According to Hudson, who discussed the device Monday during the 2014 CHI Conference on Human Factors in Computing Systems in Toronto, said that it functions much like other 3D printers in that it can develop objects using computerized designs as a base model.
“This printer allows the substantial advantages of additive manufacturing techniques (including rapid turn-around prototyping of physical objects and support for high levels of customization and configuration) to be employed with a new class of material,” according to Disney Research.
By creating a material that is “a form of loose felt formed when fibers from an incoming feed of yarn are entangled with the fibers in layers below it,” the company added that their printer “extends 3D printing from typically hard and precise forms into a new set of forms which embody a different aesthetic of soft and imprecise objects, and provides a new capability for researchers to explore the use of this class of materials in interactive devices.”
The so-called felting printer can be used to quickly develop prototypes of objects and to customize products, and uses a process similar to the Fused Deposition Modeling (FDM) technique common in low-end 3D printers, the researchers explained. In FDM printers, melted plastic is extruded in a thin line into one layer, and then additional layers are added, adhering to each other as the plastic cools in order to achieve the desired shape.
However, in the felting printer, the printer head feeds out yarn instead of melted plastic. The printer head has a barbed felting needle attached to it, and that needle repeatedly pierces the yarn and drags the individual fibers down into the yarn and the layers below. This intertwines the fibers and causes the layers to bond together.
Hudson said that the printer does not have the same dimensional accuracy as conventional 3D printers since the yarn is far thicker than the layers of plastic deposited during FDM printing. Likewise, the felt is not as strong as normal types of fabric, meaning that a layer of nylon mesh fabric had to be added into the printing process in order for soft objects to be attached to harder ones to prevent the material from tearing at the attachment point.

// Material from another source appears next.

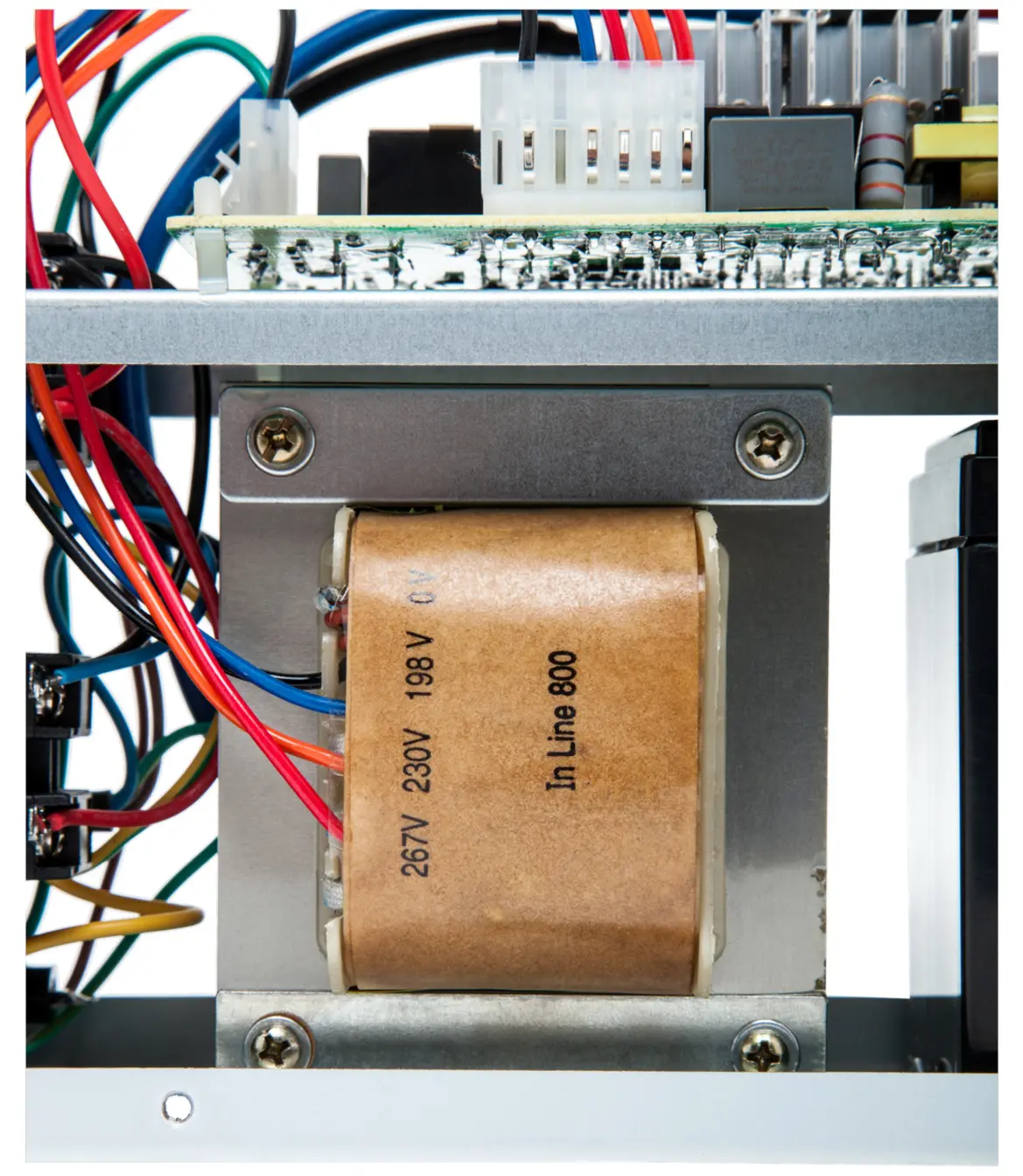 ИБП LogicPower LP8295 1700ВА на 2 евророзетки AVR 2x8.5Ач12В (1020Вт) в металлическом корпусе (черный) - фото №3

During his presentation, Hudson reportedly demonstrated techniques for bridging hard and soft materials, as well as for altering how stiff the soft objects are and how electronic components could be added to the process. Currently, the printer is only capable of producing fabric objects, but Hudson said he believed that it could be possible to develop a device capable of producing both fabric and plastic elements in a single fabrication.